Let $K$ be the splitting field of $(x^2-3x-1)(x^2-3x-2)$ over $\mathbb Q$. Find the Galois group $\mathrm{Gal}(K/\mathbb{Q})$ and determine the intermediate subfields explicitly.

I have that $$(x^2-3x-1)(x^2-3x-2)=(x-\frac{3}{2}+\frac{\sqrt{13}}{2})(x-\frac{3}{2}-\frac{\sqrt{13}}{2})(x-\frac{3}{2}+\frac{\sqrt{17}}{2})(x-\frac{3}{2}-\frac{\sqrt{17}}{2}).$$

Then $K = \mathbb{Q}[\sqrt{13}, \sqrt{17}]$. I know that the degree of $K$ is 4, so the cardinality of the Galois group must also be 4. I do not know how to determine the Galois group or explicitly find the subfields.

Answer 1

Hint: There are only two groups of order $4$: $C_4$ and $C_2 \times C_2$. There are two elements of order $2$ in the Galois group (which?) and so it cannot be cyclic.

Answer 2

Up to isomorphism, there are only two groups of order $4$, namely $\mathbb{Z}_2 \oplus \mathbb{Z}_2$ and $\mathbb{Z}_4$. Hence $G = \mathsf{Gal}(f)$ is isomorphic to one of these.

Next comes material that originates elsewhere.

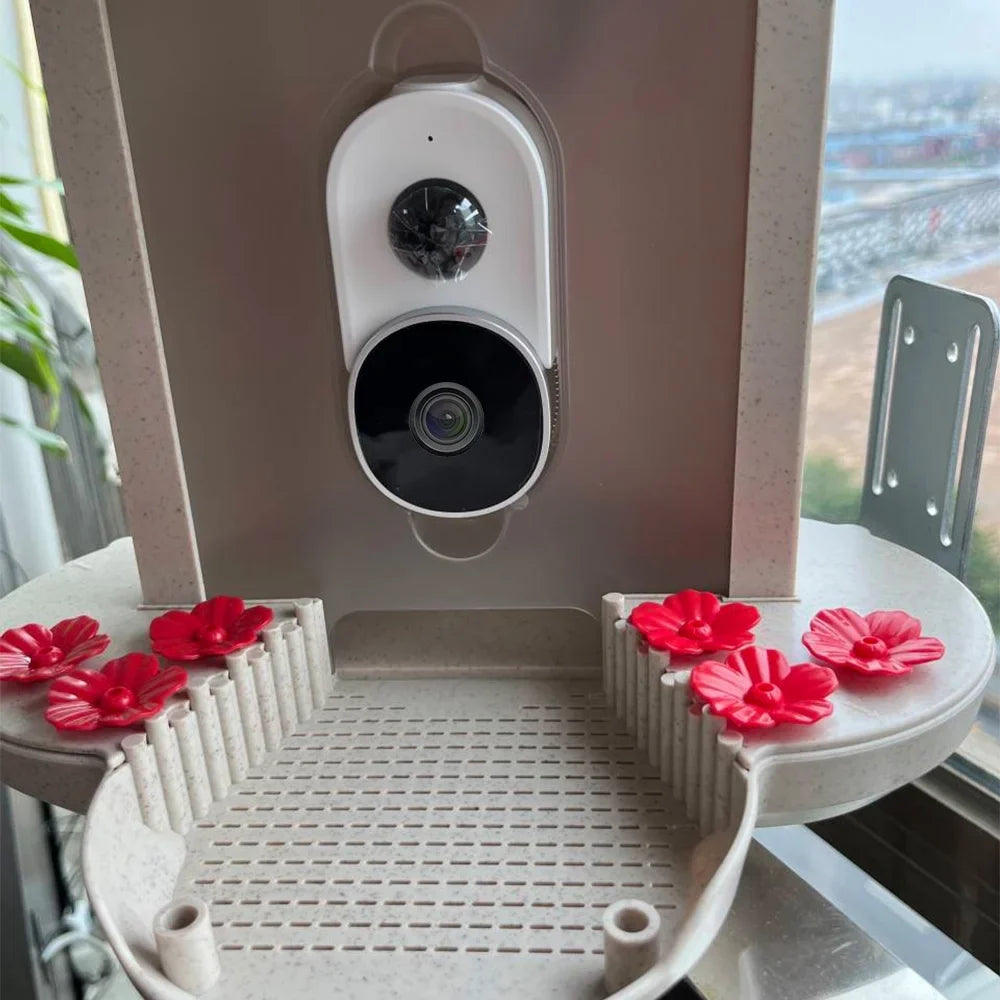 Capture Smart Bird IP65 Video Cards Notification Bird AI 1080P Identify Species Real-time Auto Bird and Carevas WIFI Detection Waterproof Motion TF 128G Camera Feeder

Note that $\mathbb{Q}(\sqrt{13})/\mathbb{Q}$ and $\mathbb{Q}(\sqrt{17})/\mathbb{Q}$ are subextensions of $K$ of degree $2$, and so by the Galois correspondence $G$ has two subgroups of order $2$. This implies that $G \simeq \mathbb{Z}_2 \oplus \mathbb{Z}_2$ which has six subgroups:

$$ \{(0,0)\}, \mathbb{Z}_2 \oplus 0, 0 \oplus \mathbb{Z}_2, \langle (1,1) \rangle \text{ and } \mathbb{Z}_2 \oplus \mathbb{Z}_2. $$

You already know the subextensions $\mathbb{Q}, \mathbb{Q}(\sqrt{13})/\mathbb{Q}, \mathbb{Q}(\sqrt{17})/\mathbb{Q}$ and $K$, so once again by Galois correspondence there is only one subextension left, of degree two over the rationals.

One can make an ansatz and consider $\mathbb{Q}(\sqrt{13}\sqrt{17})$. This is a quadratic extension contained in $K$, to see that it is the one missing we just have to show that it doesn't equal the other quadratic extensions.

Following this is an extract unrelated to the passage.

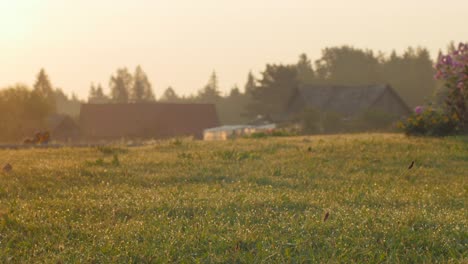 green meadow with farmstead in background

If we were to have $\mathbb{Q}(\sqrt{13}) = \mathbb{Q}(\sqrt{13}\sqrt{17})$, in particular we should have $\sqrt{13}, \sqrt{13}\sqrt{17} \in \mathbb{Q}(\sqrt{13})$. However, this implies $\sqrt{17} \in \mathbb{Q}(\sqrt{13})$ which is absurd, as you probably have shown when calculating $[K:\mathbb{Q}]$. The other case is similar.